You may find that potential crew are rather more enthusiastic about coming on a sailing trip in theory than they are in practice.
Asking them to pay a deposit when booking and the rest closer to departure is a good way of gaining commitment and preventing them from cancelling at the last minute.
Finally, record all expenses and payments so that everyone can check the figures and see that things have been divided up fairly.
This should help prevent disagreements.
There are a number of apps to make both the sums and payment straightforward.
You are responsible for everyone’s safety and you should take this seriously, but in fact this usually isn’t too onerous if you are sensible and careful.
If you charter a coded vessel in the UK then it will come with a full set of safety equipment appropriate for its cruising limits.
All you will need to do is find where everything is stowed and familiarise yourself with specific details of the lifejackets, jackstays, and so on when you pick the boat up.
Then make sure the crew know how to use it, and do so at the appropriate time.
I ask for an emergency contact number for each crew member, and in return let them have details of a shore contact.
I also ask crew members, in confidence, about any medical conditions that might affect them on the trip.
If someone falls ill you don’t want to be scrabbling about trying to find out if they have an inhaler or medication that could help.
Similarly, if you have to hand them over to an ambulance, the medics are likely to ask if they are allergic to common medicines.
There’s no need to share this with anyone beforehand, but I like to leave a copy with the shore contact and let the first mate know where the info is on the boat, just in case it were to be needed.
Catering for your crew
The first step when planning what to eat onboard is to check everyone’s allergies, likes, and dislikes.

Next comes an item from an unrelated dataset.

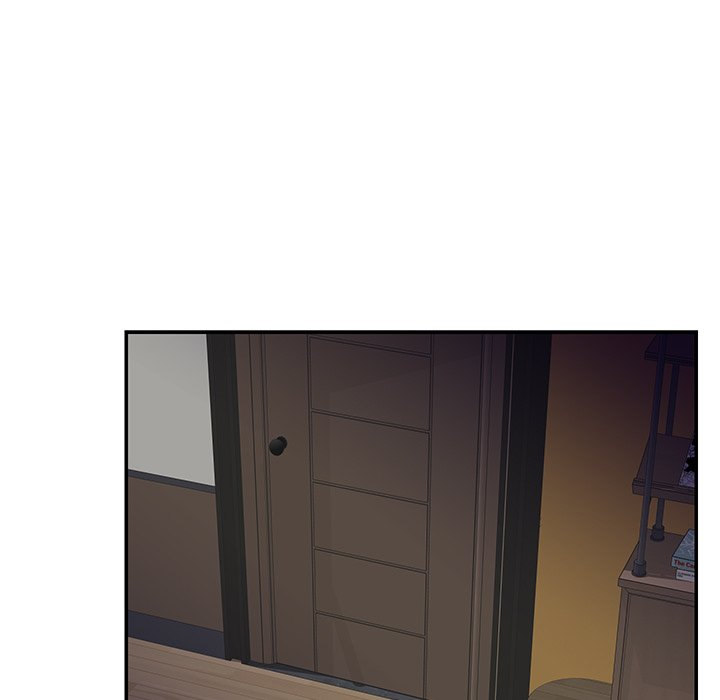 Not One, But Two - Chapter 36 [photo 45] - MangaPorn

With a modicum of thought it is quite feasible to cater for vegetarian, gluten-free, and other diets without making things too complicated.
There’s certainly no excuse for only offering a vegetarian crew member cheese sandwiches for every meal.

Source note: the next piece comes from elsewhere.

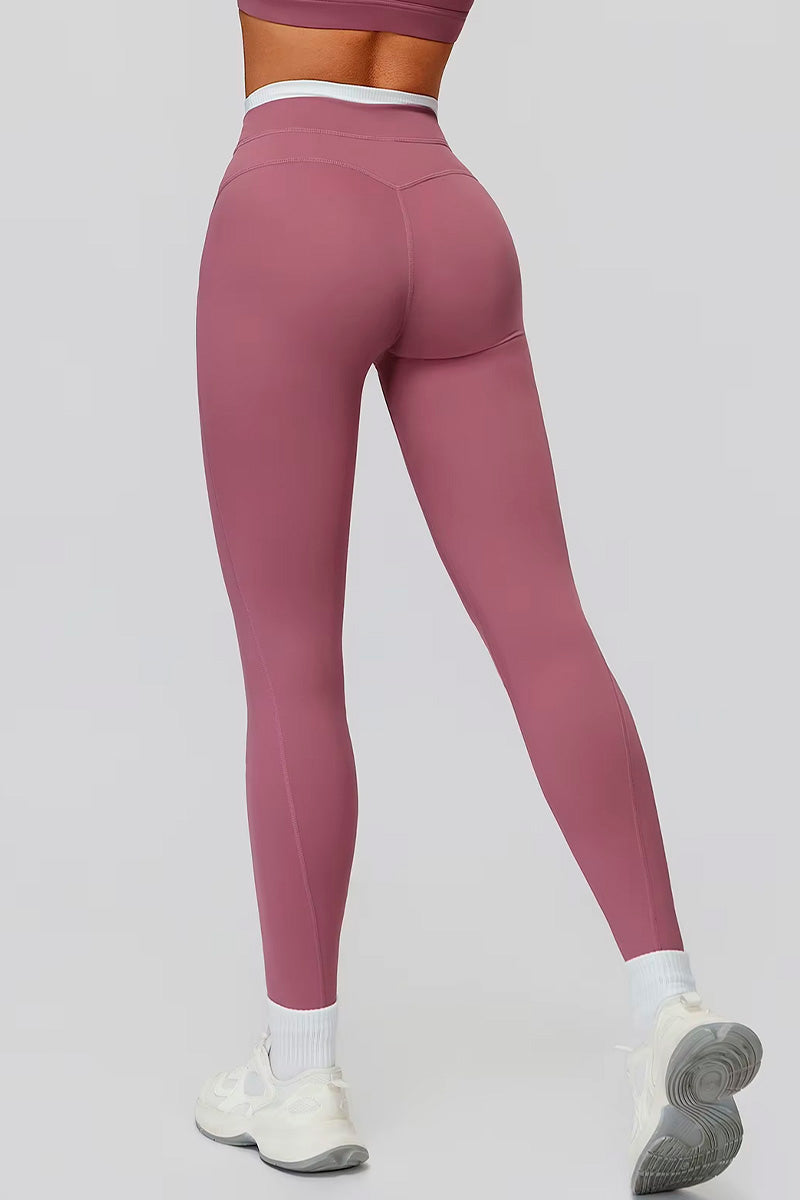 Legging feminina Vitallis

On short, coastal trips I usually just cater for breakfast and lunch, and aim to eat ashore most evenings.
However, I like to have a simple ‘emergency meal’ on board, such as pasta and a jar of sauce, to make sure we can have a hot meal even if we end up at anchor rather than in a marina as planned.
I find that snacks, fruit, and biscuits are always welcome, and distributing a few chocolate bars can really lift the spirits during a hard slog or a long beat to windward.
Navigating your first trip
Once you’ve selected your crew, booked a boat, and decided on a cruising-ground, it’s time to start on the detailed preparations.
It is worth putting some effort into making the actual trip as straightforward and stress-free as possible.
Skippering means you’ll have lots to think about, so take any opportunity to ‘cheat’ by preparing things beforehand.
Your RYA training will have taught you how to work out tidal depths from the tables in an almanac, but why not print out some tidal curves for the time you’re away, in particular for any marinas you’re thinking of visiting?
Planning and navigation software packages can do this well in advance, and you can find information for the next few days online.
After all, you can still do things the traditional way if you want to impress your crew (or just to prove to yourself that you remember how) but if things are going wrong or time is short then having ‘one you prepared earlier’ can be a literal life-saver.
Similarly, you can download weather maps and forecasts for the next few days before setting off.
Obviously, things will change so you will have to re-check the forecast every day, but having a feel for the general weather pattern should help you decide whether to turn left or right when you leave the marina on the first day.
Unless you’re feeling particularly masochistic or determined to experience ‘life at an angle’, it’s not very clever to spend the first half of a trip on a hard beat only to find the weather system passes and you spend the second half on a hard beat back again, when setting off in the other direction initially would have resulted in a pleasant cruise, both ways.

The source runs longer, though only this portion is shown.